Advertisement
Correspondence

Authors' Reply

  • Hung D Nguyen,
  • Maki Yoshihama,
  • Naoya Kenmochi
  • Published: July 28, 2006
  • DOI: 10.1371/journal.pcbi.0020083

Authors' Reply

We thank Csűrös for his thoughtful remarks about our recent paper in PLoS Computational Biology [1,2]. Although both our method [2] and that of Csűrös [3] (the latter was published when the former was under review) assume the same model of intron evolution, and the results obtained by both methods for the dataset in [4] are similar, the implementation details are quite different. Csűrös [3] used a trial-and-error procedure for guessing the number of unobserved intron sites, and used posterior probability calculation to optimize the rates of intron gain and loss. In contrast, in our method the number of unobserved intron sites and rates of intron gain and loss are inferred at the same time by maximizing a likelihood function. As pointed out by Csűrös [1], the recent result of Raible et al. in Science [5], which indicated that about two-thirds of Platynereis dumerilii introns are at the same positions as those in humans seems to support the results in [2] and [3]. It is likely that the evolution of introns in P. dumerilii was similar to that in humans, where two-thirds of the introns were already present in the last common ancestor and the remaining one-third was gained late after divergence from this ancestor.

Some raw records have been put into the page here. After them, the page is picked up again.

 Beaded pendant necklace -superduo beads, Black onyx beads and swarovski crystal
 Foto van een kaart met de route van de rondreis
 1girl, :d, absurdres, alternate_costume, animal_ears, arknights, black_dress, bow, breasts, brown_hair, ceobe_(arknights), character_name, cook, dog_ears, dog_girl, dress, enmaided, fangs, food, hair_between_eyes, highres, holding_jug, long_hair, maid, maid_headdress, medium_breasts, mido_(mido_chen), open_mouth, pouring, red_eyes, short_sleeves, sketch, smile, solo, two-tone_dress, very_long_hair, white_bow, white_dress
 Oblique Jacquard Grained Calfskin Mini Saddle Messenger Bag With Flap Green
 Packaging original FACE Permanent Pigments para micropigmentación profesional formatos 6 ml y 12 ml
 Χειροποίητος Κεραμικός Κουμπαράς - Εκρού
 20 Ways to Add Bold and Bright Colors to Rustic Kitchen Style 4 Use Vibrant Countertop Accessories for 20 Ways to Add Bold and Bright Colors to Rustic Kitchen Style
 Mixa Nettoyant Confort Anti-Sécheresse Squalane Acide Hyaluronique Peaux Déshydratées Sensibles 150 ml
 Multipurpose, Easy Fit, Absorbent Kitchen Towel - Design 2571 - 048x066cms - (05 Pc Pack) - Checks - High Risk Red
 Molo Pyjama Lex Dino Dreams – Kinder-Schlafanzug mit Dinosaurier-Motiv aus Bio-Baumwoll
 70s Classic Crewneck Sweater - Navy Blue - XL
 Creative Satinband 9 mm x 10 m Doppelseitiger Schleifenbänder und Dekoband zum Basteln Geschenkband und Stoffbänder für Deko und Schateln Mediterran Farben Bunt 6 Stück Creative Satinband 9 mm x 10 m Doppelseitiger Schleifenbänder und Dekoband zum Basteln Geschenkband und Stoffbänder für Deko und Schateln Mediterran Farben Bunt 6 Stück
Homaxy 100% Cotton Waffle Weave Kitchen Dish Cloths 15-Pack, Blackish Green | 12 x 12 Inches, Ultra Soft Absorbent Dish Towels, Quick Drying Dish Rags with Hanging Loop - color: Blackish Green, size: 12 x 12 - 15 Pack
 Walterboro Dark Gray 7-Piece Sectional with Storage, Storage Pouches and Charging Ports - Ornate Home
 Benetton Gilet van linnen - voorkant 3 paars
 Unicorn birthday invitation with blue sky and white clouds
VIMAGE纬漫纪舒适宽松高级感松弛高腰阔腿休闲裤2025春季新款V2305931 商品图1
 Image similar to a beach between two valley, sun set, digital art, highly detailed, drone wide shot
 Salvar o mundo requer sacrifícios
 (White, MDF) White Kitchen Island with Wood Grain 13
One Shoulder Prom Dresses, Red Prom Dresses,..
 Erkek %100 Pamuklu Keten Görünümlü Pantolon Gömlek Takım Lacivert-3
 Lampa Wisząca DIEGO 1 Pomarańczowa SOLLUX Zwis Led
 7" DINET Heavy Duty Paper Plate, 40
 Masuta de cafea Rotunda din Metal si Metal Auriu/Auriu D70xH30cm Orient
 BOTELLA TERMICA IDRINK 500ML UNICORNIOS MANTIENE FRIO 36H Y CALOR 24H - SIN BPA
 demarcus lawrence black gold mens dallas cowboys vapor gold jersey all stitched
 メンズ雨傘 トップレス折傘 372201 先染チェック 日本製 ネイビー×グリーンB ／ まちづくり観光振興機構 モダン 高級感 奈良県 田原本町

Csűrös [1] commented that his algorithm is more efficient in terms of running time compared with ours. This comment is correct but with the stipulation that the number of observed sites be less than 2N, where N is the number of species. This condition does not hold for the dataset in [4]. In practice, however, this condition often holds for large values of N. In this case, some of the equations in our method [2] can be rewritten to yield the same time complexity as the method in [3].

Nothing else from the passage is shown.